§ **Aim of the task**
Restate all of the records below exactly. Do not carry over any image.

________

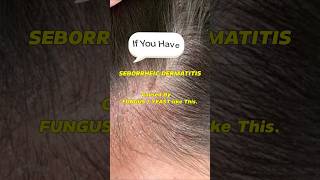 Seborrheic Dermatitis How to treat your Scalp itchyscalp shorts dandruff seborrheicdermatitis [upl. by Leontine]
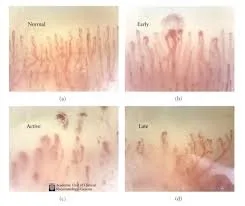 Dilated Nailfold Capillaries: What Portable Capillaroscopy Shows U.S. Clinicians — nail fold microscopy 7 - 副本.jpg
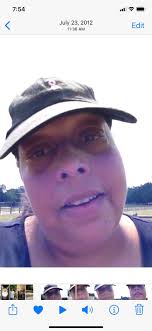 I've got my weight below 175 pounds wooohooo. I see my pulmonologist next  week . He will partition Mayo Clinic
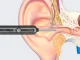Smart Ear Otoscope Endoscope with WiFi Camera, 6 Tips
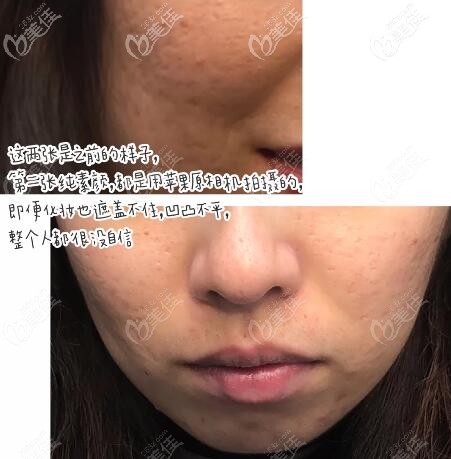 郴州曹家整形点阵激光祛痘坑治疗前图片 郴州曹家整形点阵激光祛痘坑治疗前图片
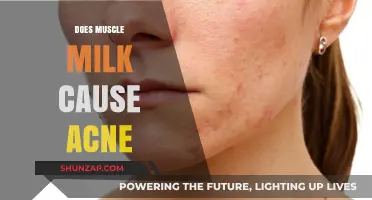 Muscle Milk and Acne: What's the Connection?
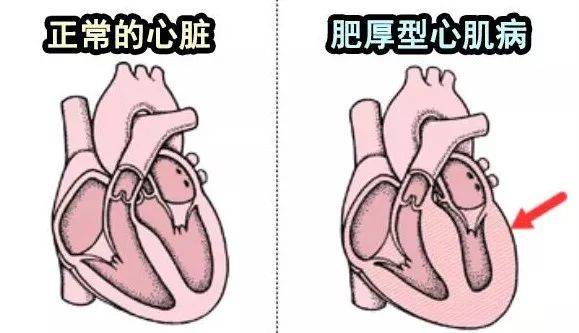 肥厚型心肌病  以未知原因的左心室肥厚为特征,可以继而引发心衰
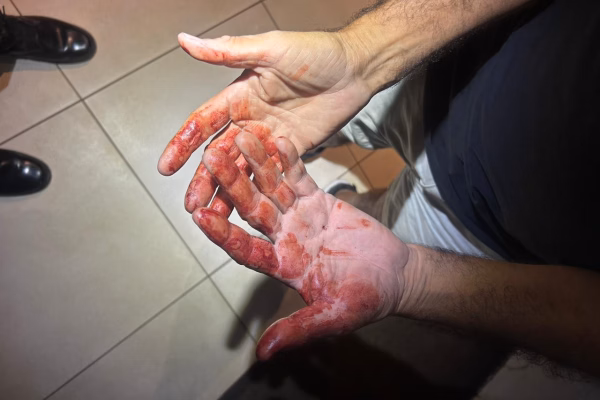 Vídeo mostra tensão em negociação de PMs e rapaz que esfaqueou pai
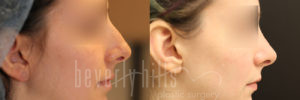 Rhinoplasty 30 Before & After - Thumbnail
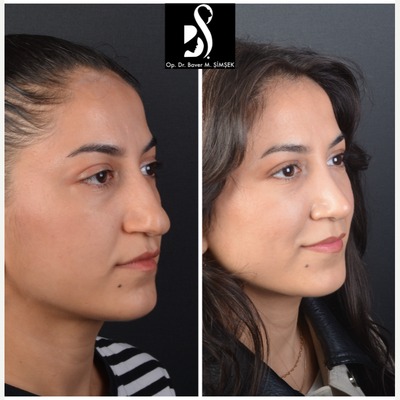 Rhinoplasty before and after photo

________

§ **Answer box**
 Seborrheic Dermatitis How to treat your Scalp itchyscalp shorts dandruff seborrheicdermatitis [upl. by Leontine]
 Dilated Nailfold Capillaries: What Portable Capillaroscopy Shows U.S. Clinicians — nail fold microscopy 7 - 副本.jpg
 I've got my weight below 175 pounds wooohooo. I see my pulmonologist next  week . He will partition Mayo Clinic
Smart Ear Otoscope Endoscope with WiFi Camera, 6 Tips
 郴州曹家整形点阵激光祛痘坑治疗前图片 郴州曹家整形点阵激光祛痘坑治疗前图片
 Muscle Milk and Acne: What's the Connection?
 肥厚型心肌病  以未知原因的左心室肥厚为特征,可以继而引发心衰
 Vídeo mostra tensão em negociação de PMs e rapaz que esfaqueou pai
 Rhinoplasty 30 Before & After - Thumbnail
 Rhinoplasty before and after photo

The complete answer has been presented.